_GIVEN ENTRIES_:
——

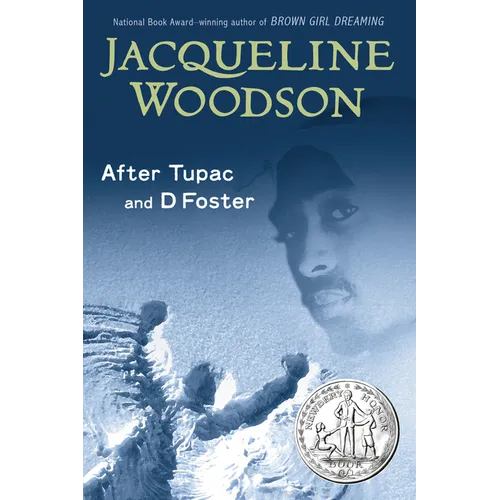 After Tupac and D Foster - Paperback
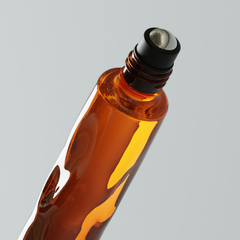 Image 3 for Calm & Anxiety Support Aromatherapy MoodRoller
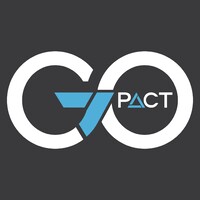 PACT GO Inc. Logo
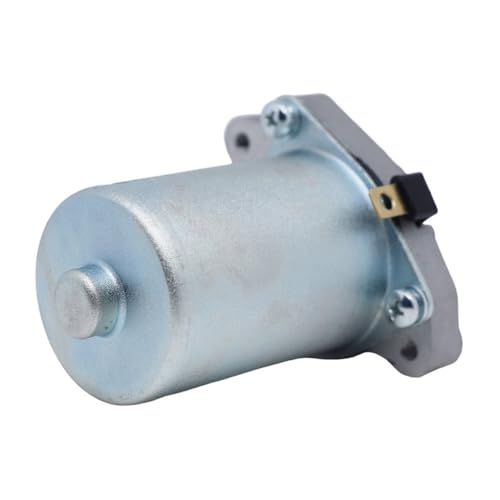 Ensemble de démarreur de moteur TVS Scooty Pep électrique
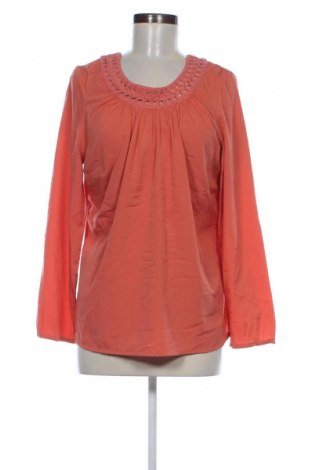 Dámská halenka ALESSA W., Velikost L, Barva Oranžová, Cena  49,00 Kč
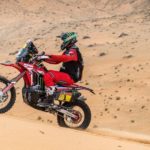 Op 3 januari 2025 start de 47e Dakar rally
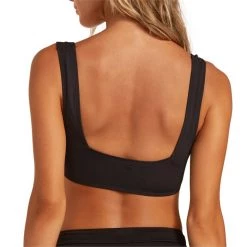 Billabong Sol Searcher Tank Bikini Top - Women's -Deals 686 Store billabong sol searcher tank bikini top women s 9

——

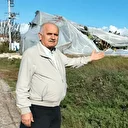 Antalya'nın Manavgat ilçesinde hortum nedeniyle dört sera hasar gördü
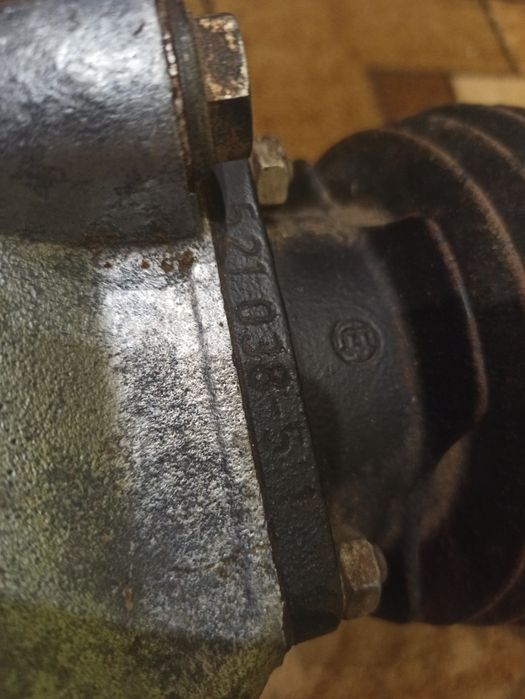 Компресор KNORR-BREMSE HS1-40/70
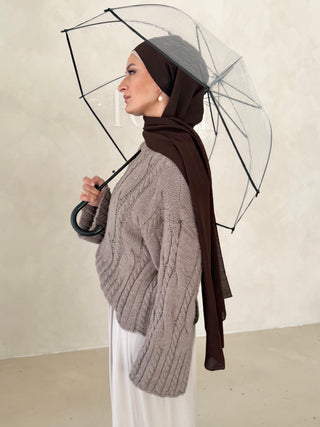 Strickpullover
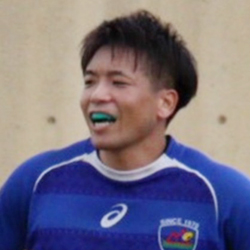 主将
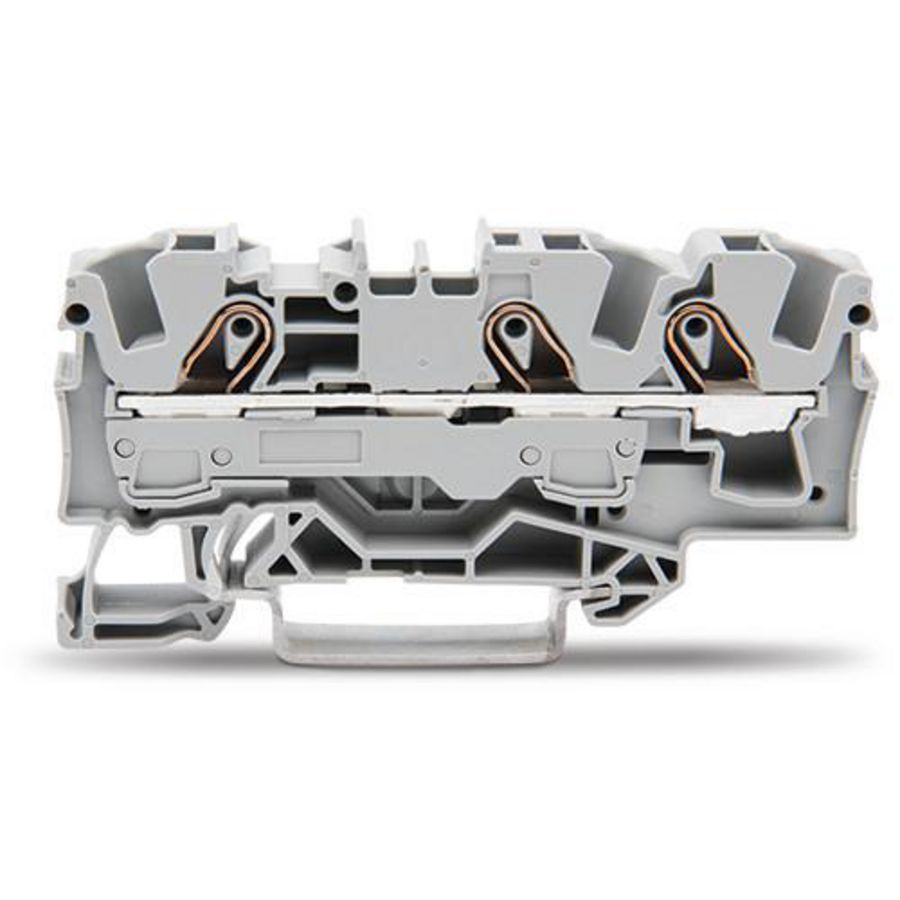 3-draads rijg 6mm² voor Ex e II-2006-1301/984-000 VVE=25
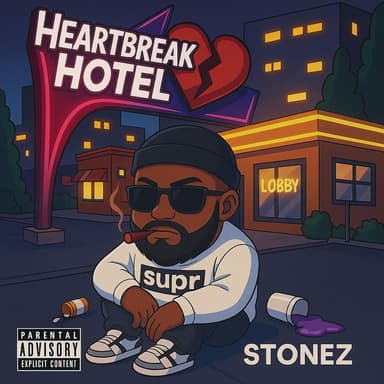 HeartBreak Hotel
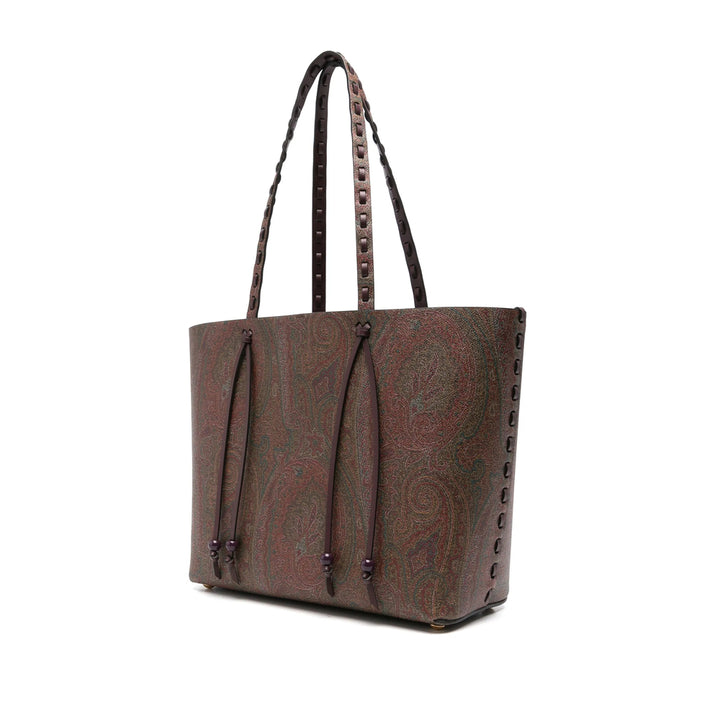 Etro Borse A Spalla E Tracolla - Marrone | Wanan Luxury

——

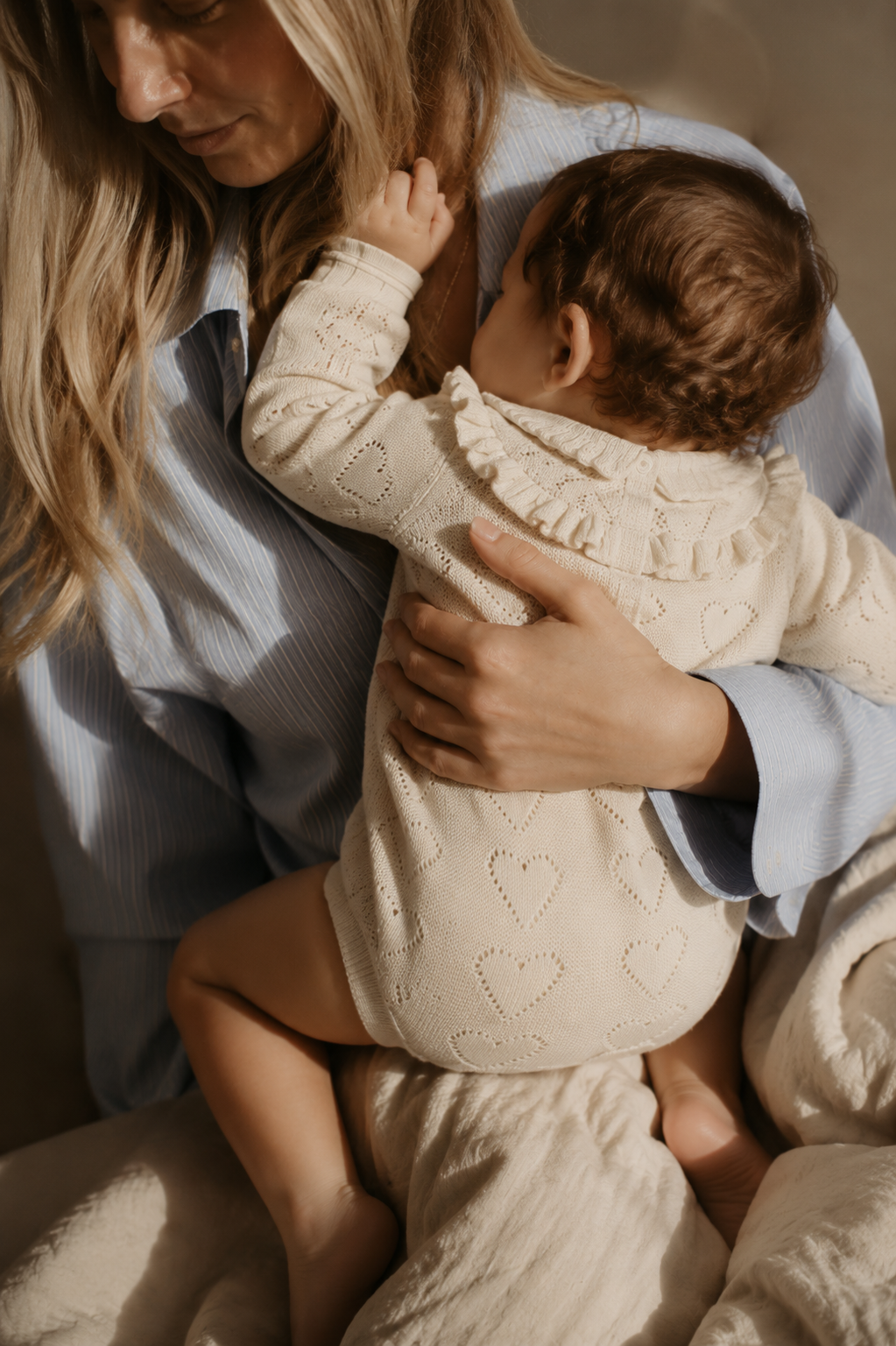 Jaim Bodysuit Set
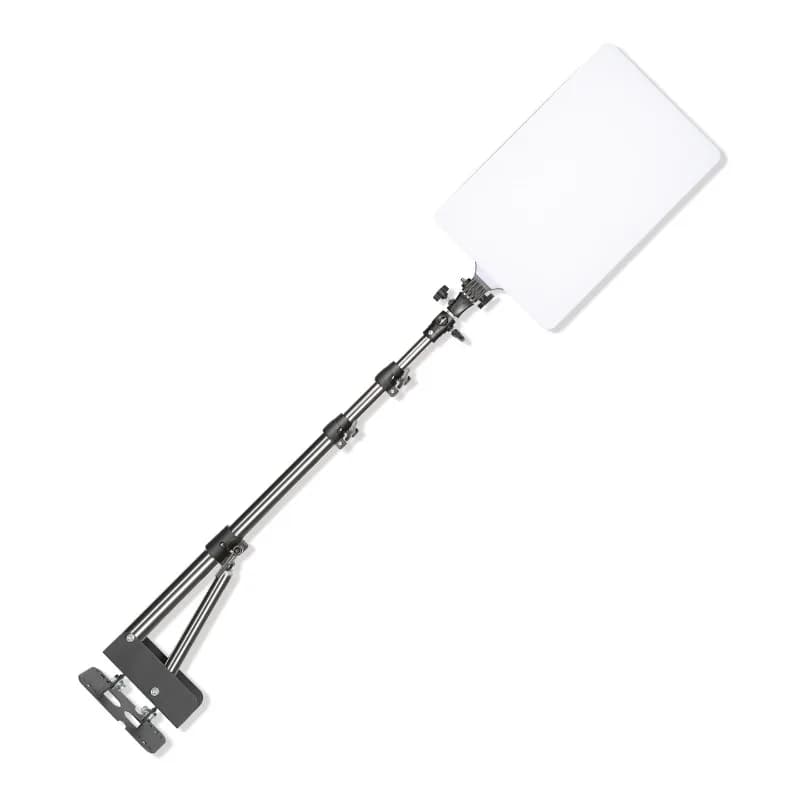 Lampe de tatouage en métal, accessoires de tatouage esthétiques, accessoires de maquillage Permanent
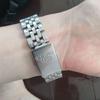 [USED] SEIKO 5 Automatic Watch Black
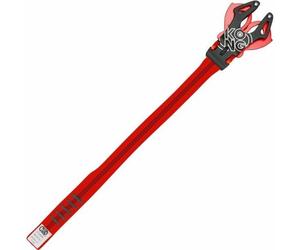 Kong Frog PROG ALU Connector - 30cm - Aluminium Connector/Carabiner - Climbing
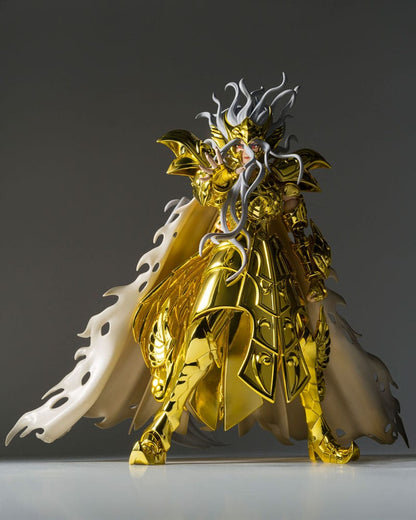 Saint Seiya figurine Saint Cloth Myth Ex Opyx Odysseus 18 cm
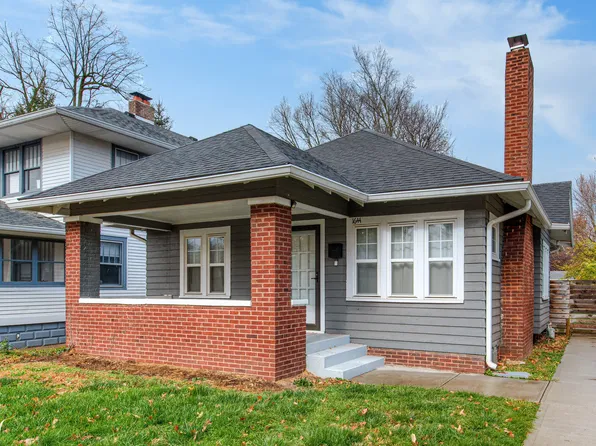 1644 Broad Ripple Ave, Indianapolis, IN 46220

——

Copy the lines above between the one holding "Компресор KNORR-BREMSE HS1-40/70" and the one holding "Etro Borse A", inclusive. Drop the pictures.

 Компресор KNORR-BREMSE HS1-40/70
 Strickpullover
 主将
 3-draads rijg 6mm² voor Ex e II-2006-1301/984-000 VVE=25
 HeartBreak Hotel
 Etro Borse A Spalla E Tracolla - Marrone | Wanan Luxury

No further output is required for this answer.